Zico Kolter, chief scientist at the Bosch Center for Artificial Intelligence, says research on defending AI systems is still at an early stage. The German company hired Kolter, an associate professor at Carnegie Mellon who works on designing systems so that they are provably robust, to help ensure that the AI systems it is developing, including those used in automotive products, are not vulnerable. Kolter says most efforts to protect commercial systems aim to head off attacks rather than make sure they are not vulnerable.

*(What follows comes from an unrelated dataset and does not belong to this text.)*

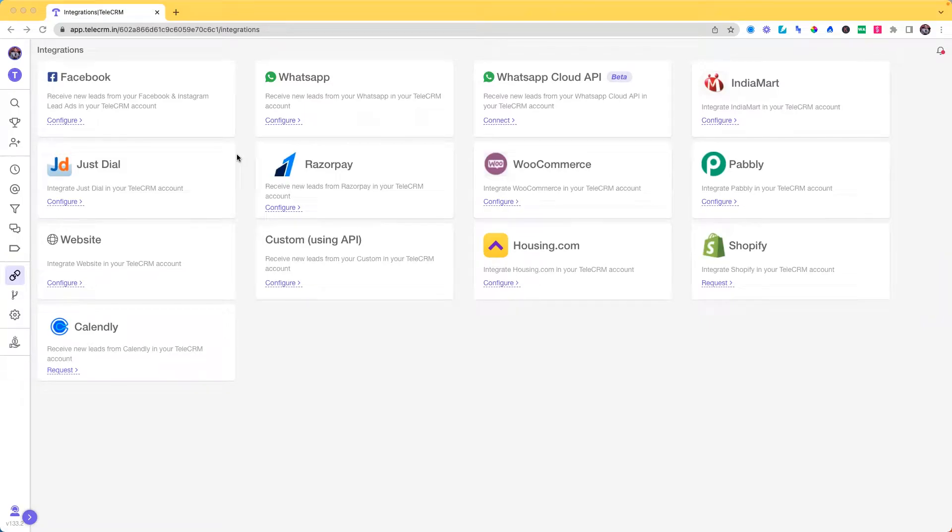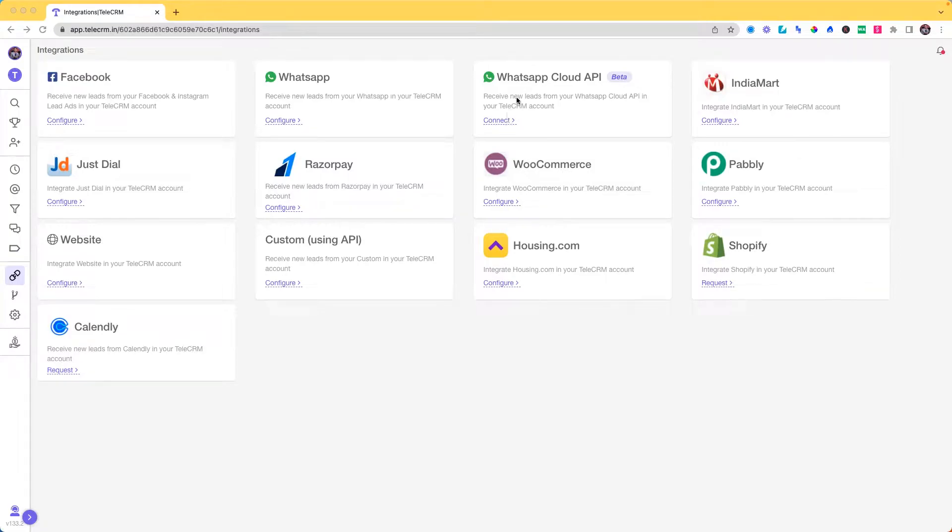In this video we will see how you create a template for your WhatsApp API messaging in TeleCRM. The process is very simple. Click on go to integrations and select WhatsApp Cloud API.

In October, Bosch and 11 other companies, including Microsoft, Nvidia, IBM, and MITRE, released a software framework for probing AI systems for weak spots. A Gartner report from 2019 predicts that by 2022, 30 percent of all cyberattacks on AI systems will themselves leverage some form of AI.
Aleksander Madry, an associate professor at MIT who works on machine learning, says it still isn’t clear how to guarantee that AI systems are safe. He adds that the vulnerabilities being exploited reflect a more fundamental weakness with modern AI. But making AI systems more robust may also improve their intelligence. In a paper to be presented at a conference later this month, he and colleagues show that image-recognition algorithms that can withstand adversarial attacks also can be applied more effectively to new tasks, making them more useful.
The alien way that AI systems work doesn’t just make them vulnerable to attack, it also means they will fail in surprising ways. This is likely to result in problems in areas like medical imaging and finance, Madry says. “AI models are just very eager students, and they will do everything they can to solve this narrow problem,” he says. “Every company [using AI] needs to think about that.”